One afternoon in clinic, my curiosity got the better of me, and I asked one of my 12 beer a day guys how he allotted his daily beers. I had the naivete to ask him if he drank four beers with breakfast, four beers with lunch, and another four beers with dinner. He gave me a slightly offended look, and I knew I had put my foot in my mouth. With wounded dignity he explained that he only drank in the evenings! What could I have been thinking?

Class and health insurance figure heavily in these situations. Sometimes, my RA patients who won’t swear off their beloved six packs can bypass MTX and go directly to a biologic medication. Many insurance companies will deny coverage for these expensive wonder drugs if the patient hasn’t tried MTX first. Since MTX is much less expensive and quite helpful, I think the insurance company has a legitimate gripe if the doctor tries to bypass a trial of MTX.
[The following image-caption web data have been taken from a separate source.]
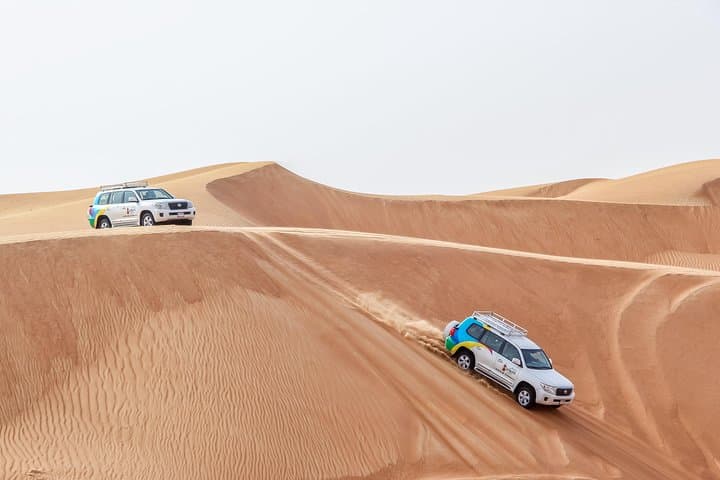 Sunrise Desert Safari & Wildlife Experience in Dubai's Al Qudra photo 3
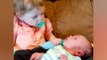 Funniest Situations When Baby Meets Siblings (2)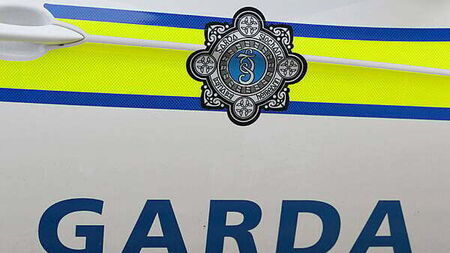 Man (30s) seriously injured in Kildare assault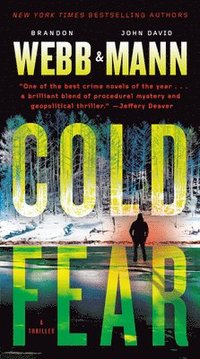 bokomslag Cold Fear: A Thiller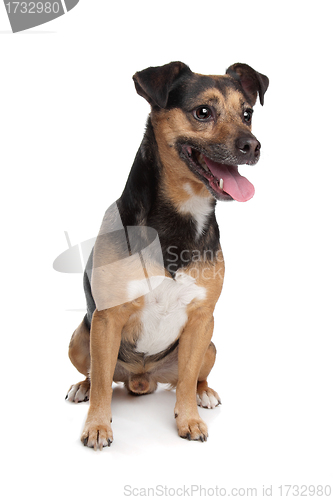 Image of black and tan Jack Russel Terrier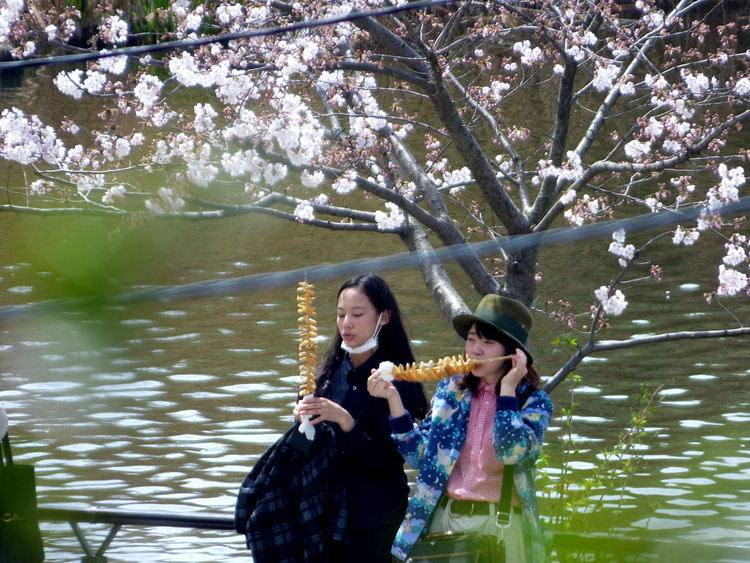 Two women resting against a cherry tree eating fried potato sticks in front of a lake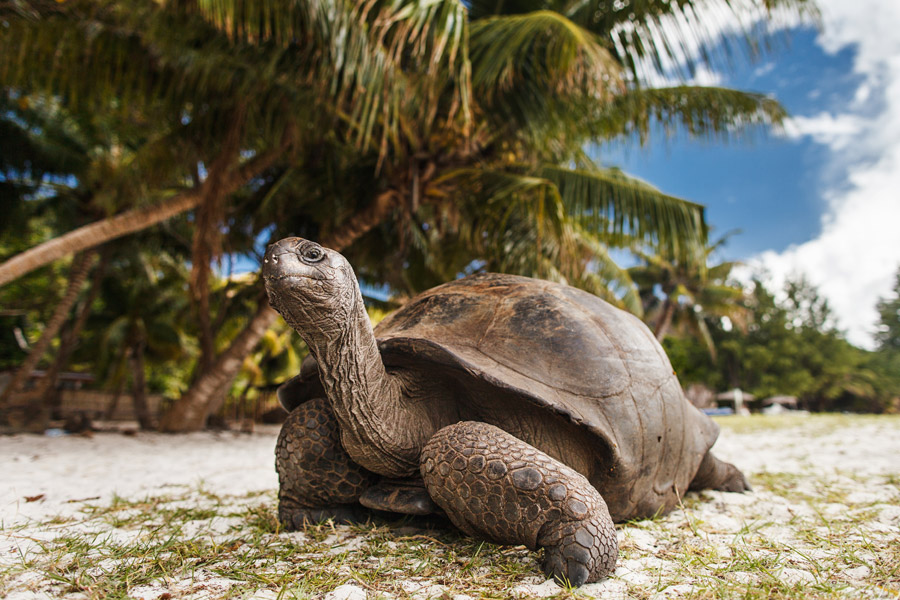 Seychelles - D'Île en Île aux Seychelles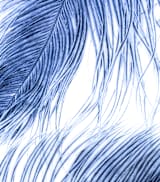 "Fine Feathered l" - Wall Mural in Sky Blue by Debra Pruskowski - Full Size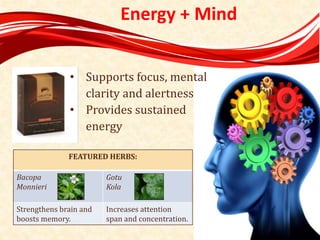 Energy + Mind
FEATURED HERBS:
Bacopa
Monnieri
Gotu
Kola
Strengthens brain and
boosts memory.
Increases attention
span and concentration.
• Supports focus, mental
clarity and alertness
• Provides sustained
energy
 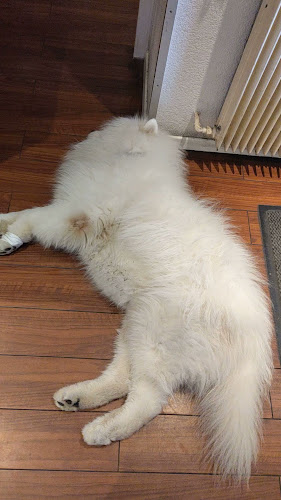 Comentarii opinii despre Café Restaurant Treff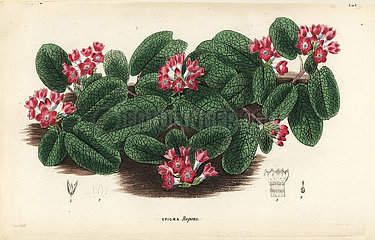 Mayflower or trailing arbutus  Epigaea repens.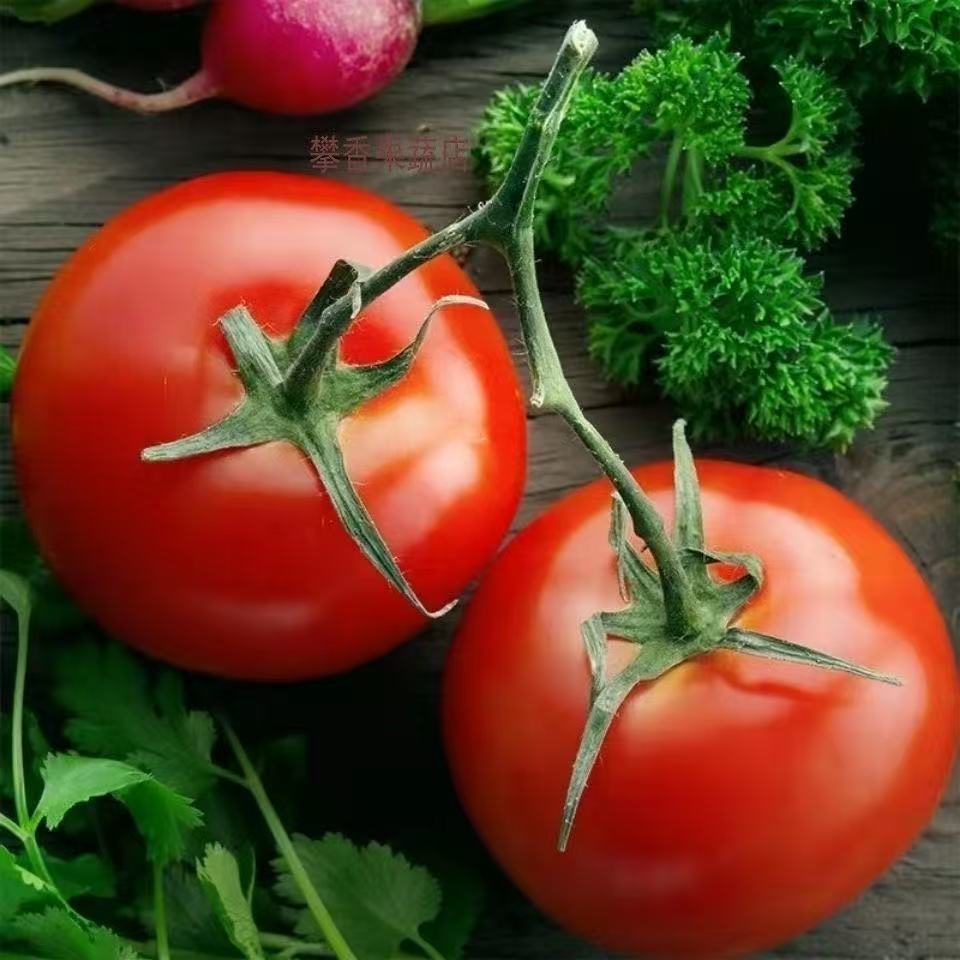 【豫上一品专属】沙瓤西红柿，自然生长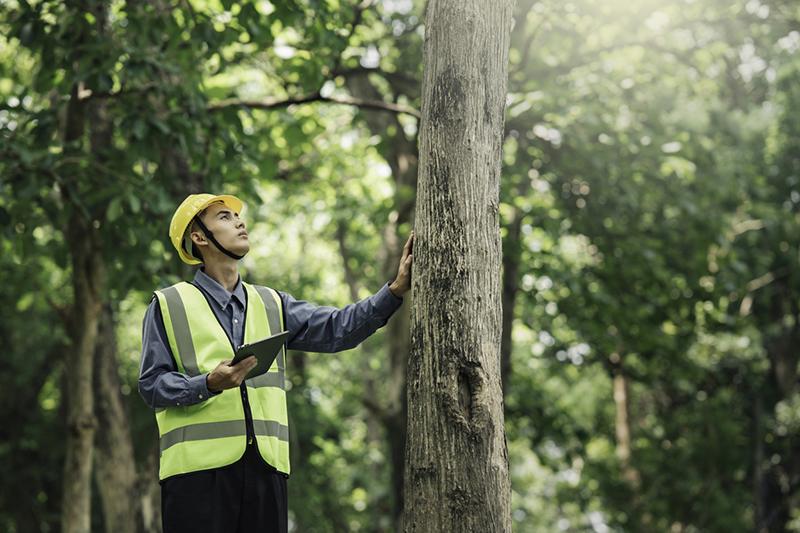 Male forestry officer in high-visibility gear looking at a tree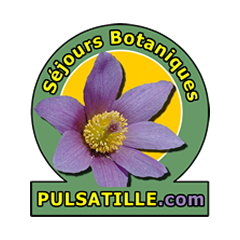 Pulsatille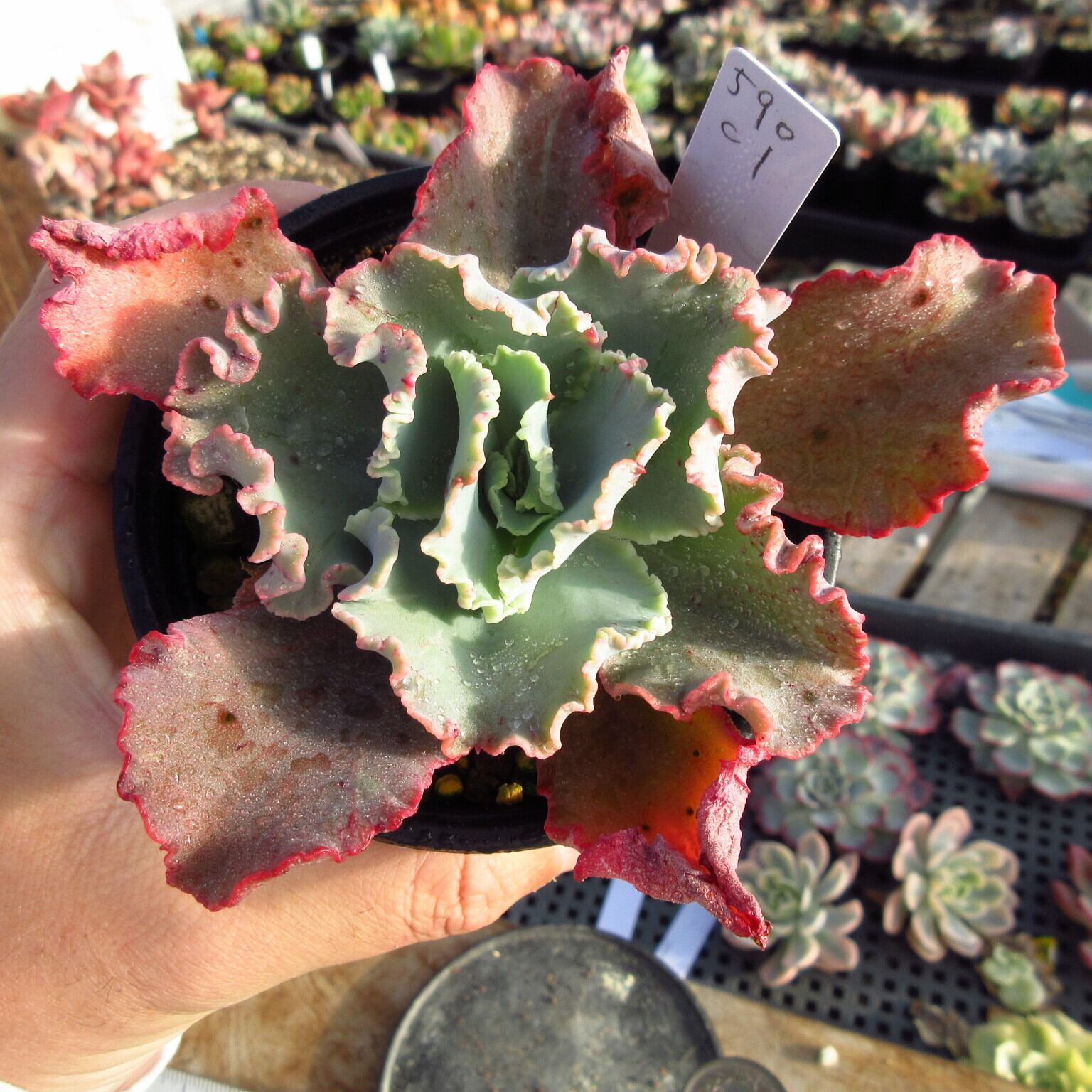 韓国苗 多肉植物 クレオパトラ 【公式通販】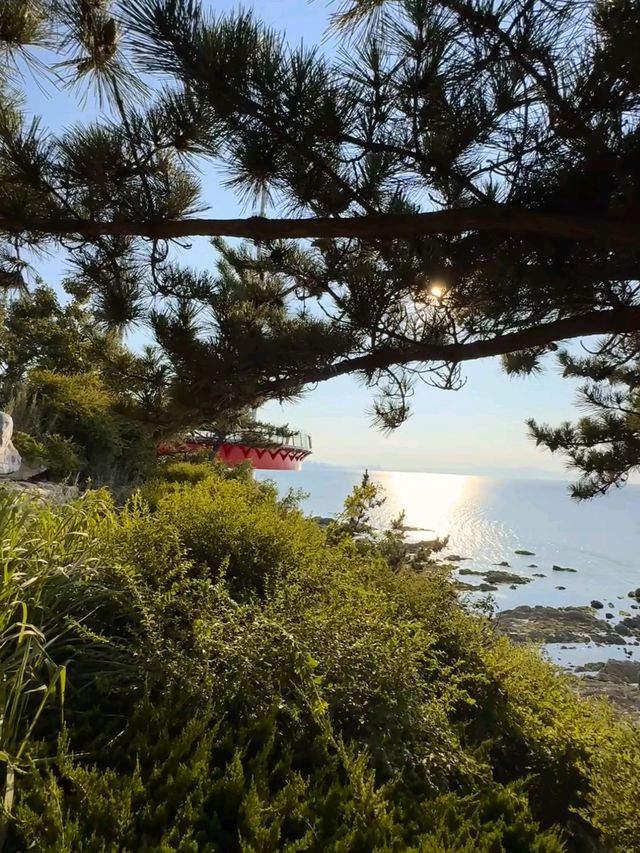 煙台養馬島攻略：免費玩轉「東方馬爾代夫」，這些隱藏玩法別錯過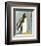 Penguin-Beth Sheffield-Framed Art Print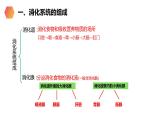 《消化和吸收》人教版生物七年级初一下册PPT课件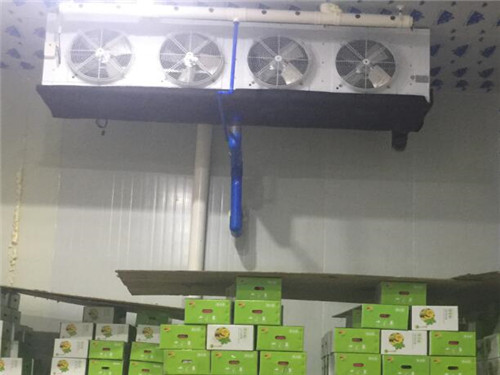 电竞娱乐怎么玩游戏的
公司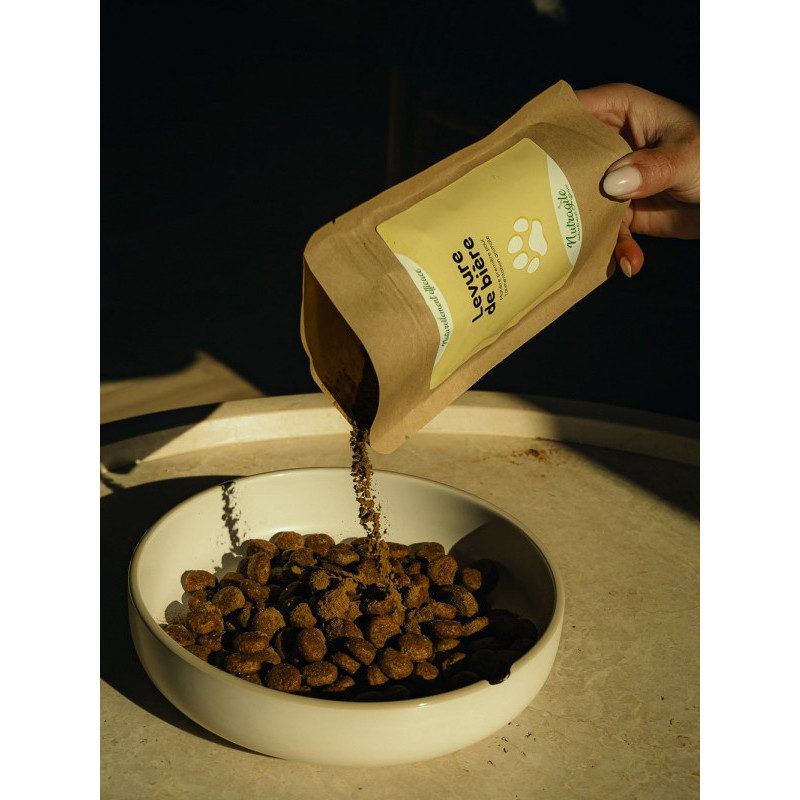 Levure de bière 250g Nutragile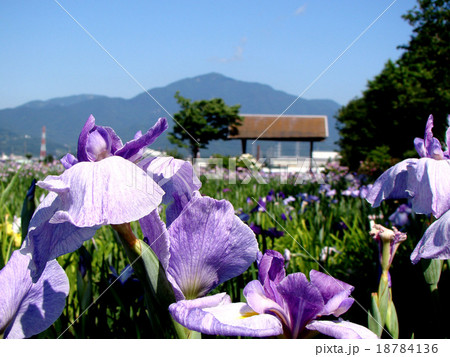 あやめの花と大山 18784136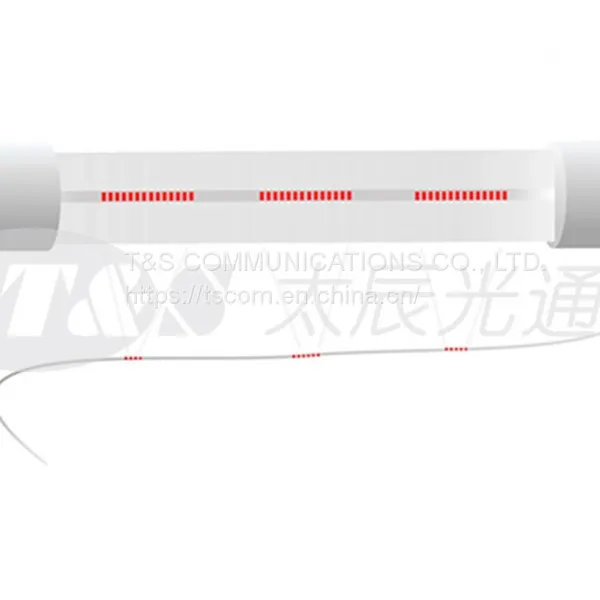 FIBER OPTIC SENSING photo-2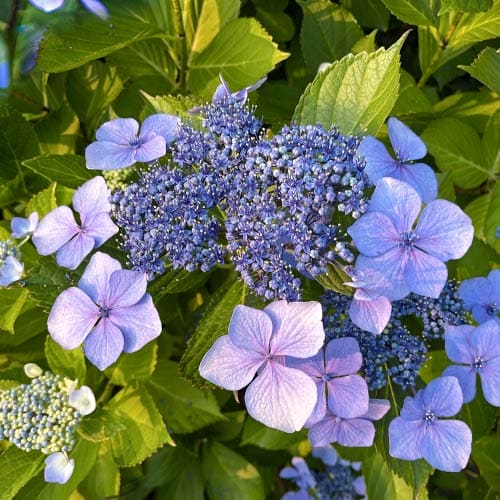 Gartenhortensie Libelle, C2 interface.art Bild 1 Gartenhortensie Libelle, C2 interface.image 1 interface.art 4729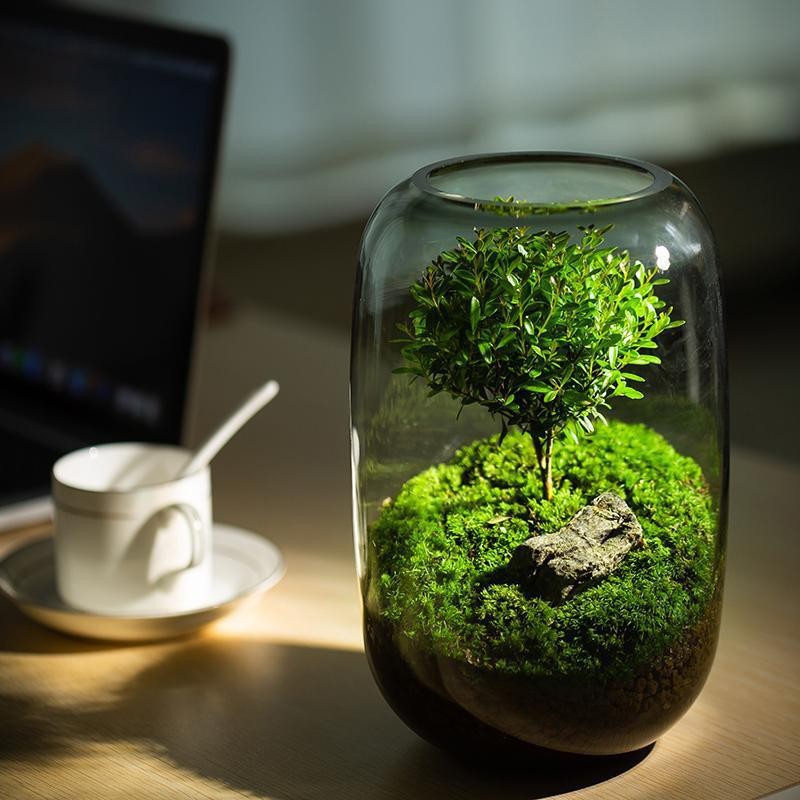 Handmade "Tree of Life" Glass Terrarium – Zero-Maintenance Desktop Greenery - Fa'Ra Way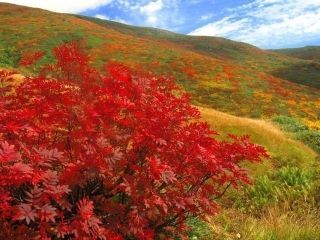 月山花笠ラインの紅葉の写真４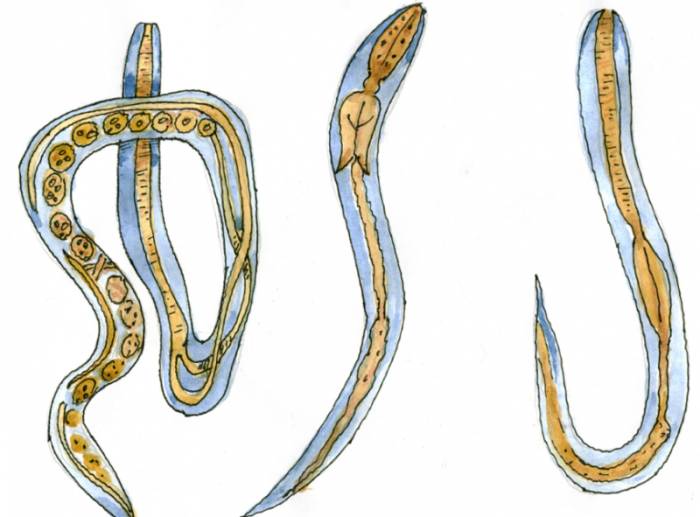 Угрица кишечная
One of my patients with a fancy job in state government was able to start a biologic after I told the insurance company that he had tried some other medications that didn’t work, and I felt that MTX was contraindicated for him! I guess if the insurance company asked me the reason I felt MTX was contraindicated, I could have written down ICD 9 code V69.8 (beer drinker). Unfortunately, health insurance is usually not so understanding and benevolent for my other patients in similar situations.

I have another patient with active RA who refuses to quit drinking. He is an unemployed school janitor with marginal insurance benefits and he won’t be able to start any expensive medications. I have told him bluntly on several occasions that his drinking made it impossible for me to effectively treat his arthritis, but we remain in a standoff.